■ **BRIEF**: Copy out nothing but the line containing "Charles Leclerc #16 Victory Case" and the lines that follow it to the end of the entries, exactly as they stand.

■ **INPUT FOR THIS TASK**:
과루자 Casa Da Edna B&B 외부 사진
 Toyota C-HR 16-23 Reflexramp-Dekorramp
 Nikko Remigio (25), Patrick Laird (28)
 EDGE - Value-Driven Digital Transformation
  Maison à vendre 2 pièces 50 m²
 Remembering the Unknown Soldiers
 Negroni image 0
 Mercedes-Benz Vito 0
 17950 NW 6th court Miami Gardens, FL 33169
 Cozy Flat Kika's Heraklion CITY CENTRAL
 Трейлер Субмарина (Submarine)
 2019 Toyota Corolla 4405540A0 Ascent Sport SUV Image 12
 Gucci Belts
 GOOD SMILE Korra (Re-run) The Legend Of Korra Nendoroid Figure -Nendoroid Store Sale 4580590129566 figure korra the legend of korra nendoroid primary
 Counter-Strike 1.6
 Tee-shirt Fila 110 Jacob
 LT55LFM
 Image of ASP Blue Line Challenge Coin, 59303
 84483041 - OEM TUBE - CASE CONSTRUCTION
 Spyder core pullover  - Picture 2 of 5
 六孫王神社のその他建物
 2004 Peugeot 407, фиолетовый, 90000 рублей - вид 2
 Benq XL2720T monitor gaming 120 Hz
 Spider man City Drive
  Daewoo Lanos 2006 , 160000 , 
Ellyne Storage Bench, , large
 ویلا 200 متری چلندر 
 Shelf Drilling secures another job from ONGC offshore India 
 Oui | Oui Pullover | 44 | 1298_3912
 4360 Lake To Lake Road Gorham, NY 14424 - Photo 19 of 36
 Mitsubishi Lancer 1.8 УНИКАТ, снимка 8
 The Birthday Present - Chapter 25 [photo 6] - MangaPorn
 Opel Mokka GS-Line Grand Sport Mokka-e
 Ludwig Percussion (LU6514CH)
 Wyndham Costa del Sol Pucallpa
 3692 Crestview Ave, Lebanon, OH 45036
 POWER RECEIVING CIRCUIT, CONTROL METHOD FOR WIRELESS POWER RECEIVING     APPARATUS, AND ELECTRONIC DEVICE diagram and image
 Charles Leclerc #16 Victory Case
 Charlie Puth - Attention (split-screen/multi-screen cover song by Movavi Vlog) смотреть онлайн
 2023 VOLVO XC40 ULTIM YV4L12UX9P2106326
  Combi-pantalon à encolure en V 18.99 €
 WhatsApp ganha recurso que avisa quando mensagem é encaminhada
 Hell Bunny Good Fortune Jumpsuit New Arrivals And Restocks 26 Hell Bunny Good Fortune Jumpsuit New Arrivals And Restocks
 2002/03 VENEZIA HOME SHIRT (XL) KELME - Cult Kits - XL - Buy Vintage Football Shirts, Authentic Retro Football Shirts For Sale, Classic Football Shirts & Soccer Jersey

■ **WRITTEN ANSWER**:
 Charles Leclerc #16 Victory Case
 Charlie Puth - Attention (split-screen/multi-screen cover song by Movavi Vlog) смотреть онлайн
 2023 VOLVO XC40 ULTIM YV4L12UX9P2106326
  Combi-pantalon à encolure en V 18.99 €
 WhatsApp ganha recurso que avisa quando mensagem é encaminhada
 Hell Bunny Good Fortune Jumpsuit New Arrivals And Restocks 26 Hell Bunny Good Fortune Jumpsuit New Arrivals And Restocks
 2002/03 VENEZIA HOME SHIRT (XL) KELME - Cult Kits - XL - Buy Vintage Football Shirts, Authentic Retro Football Shirts For Sale, Classic Football Shirts & Soccer Jersey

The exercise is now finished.